_Records supplied_
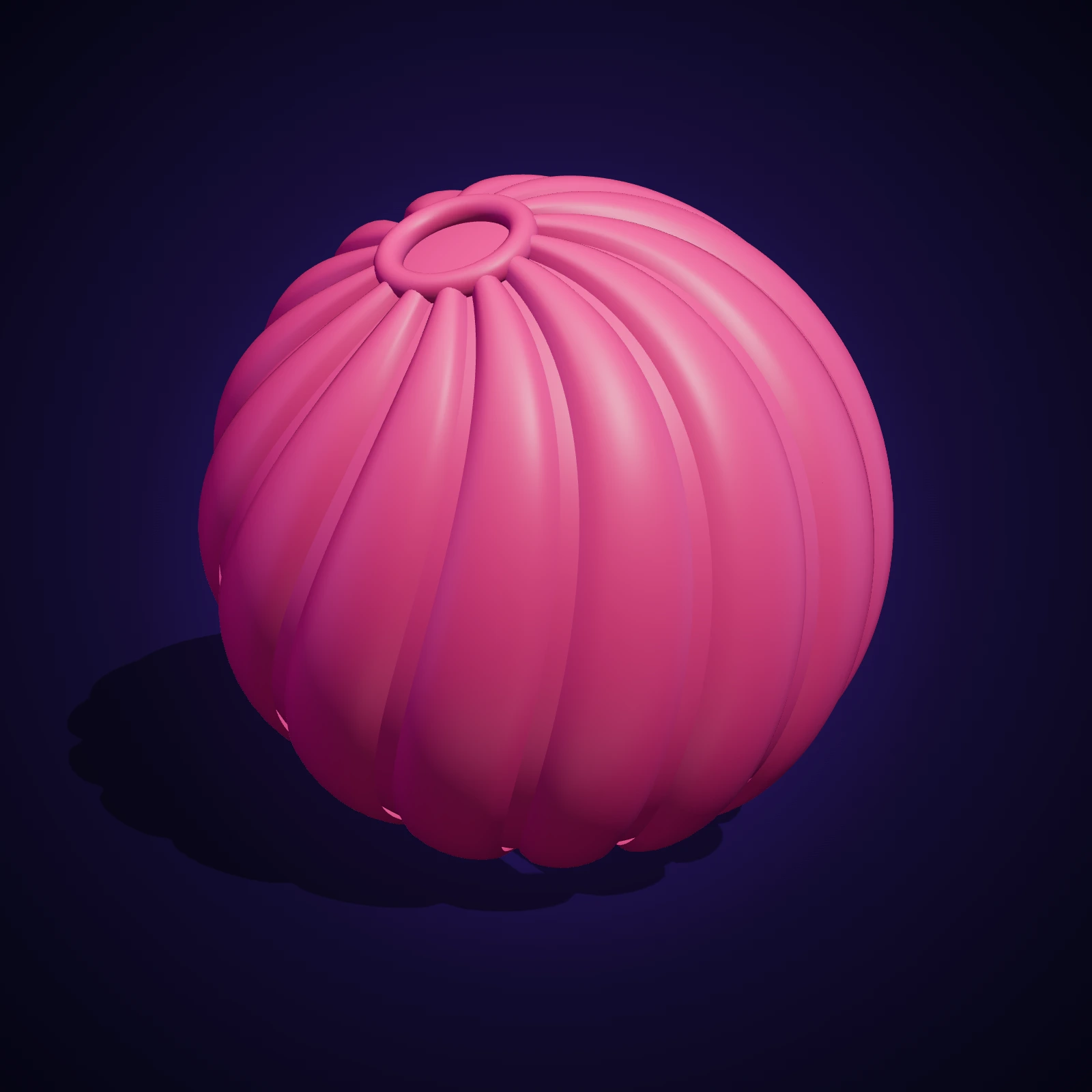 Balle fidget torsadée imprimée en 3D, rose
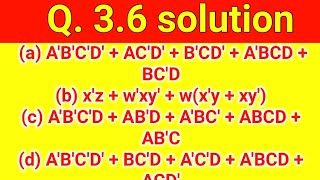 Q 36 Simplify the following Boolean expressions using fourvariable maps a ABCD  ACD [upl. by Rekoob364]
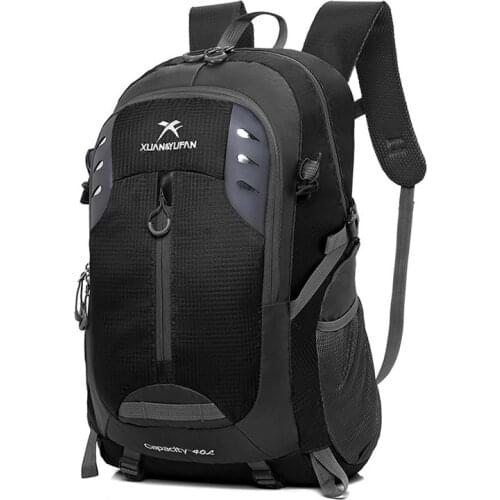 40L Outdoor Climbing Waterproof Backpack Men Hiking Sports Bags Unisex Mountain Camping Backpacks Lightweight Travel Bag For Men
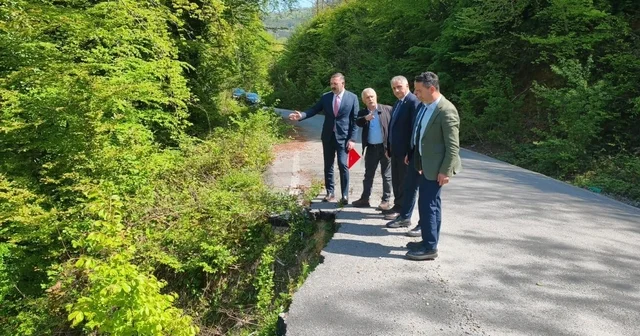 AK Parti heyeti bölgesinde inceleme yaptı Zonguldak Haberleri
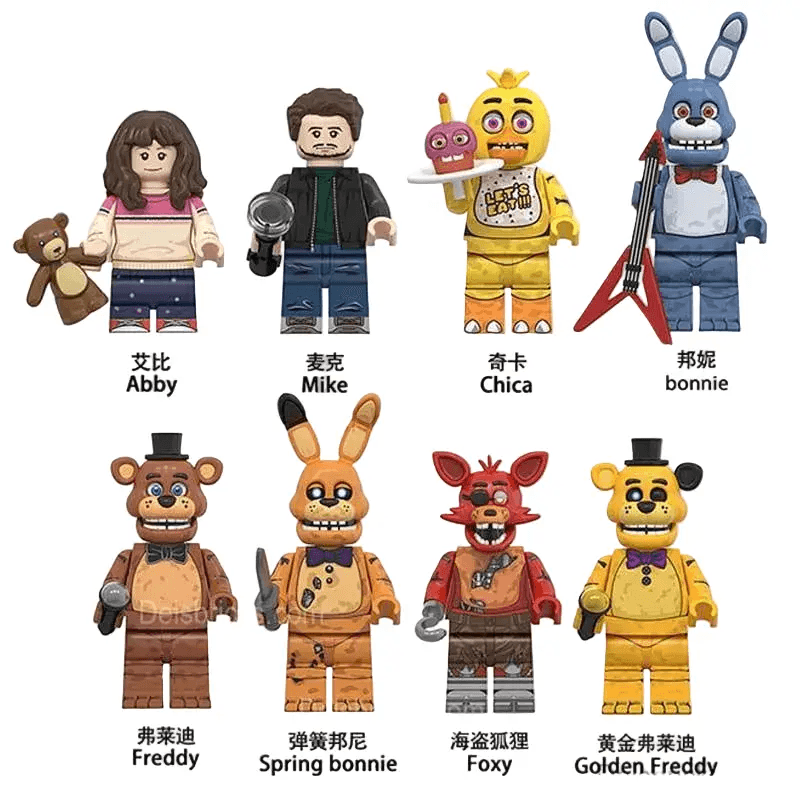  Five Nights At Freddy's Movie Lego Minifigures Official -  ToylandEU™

_What you have to do_
Repeat exactly and only the lines from the one holding "Q 36 Simplify" through the final line of the entries; no pictures.

_Answer area_
 Q 36 Simplify the following Boolean expressions using fourvariable maps a ABCD  ACD [upl. by Rekoob364]
 40L Outdoor Climbing Waterproof Backpack Men Hiking Sports Bags Unisex Mountain Camping Backpacks Lightweight Travel Bag For Men
 AK Parti heyeti bölgesinde inceleme yaptı Zonguldak Haberleri
  Five Nights At Freddy's Movie Lego Minifigures Official -  ToylandEU™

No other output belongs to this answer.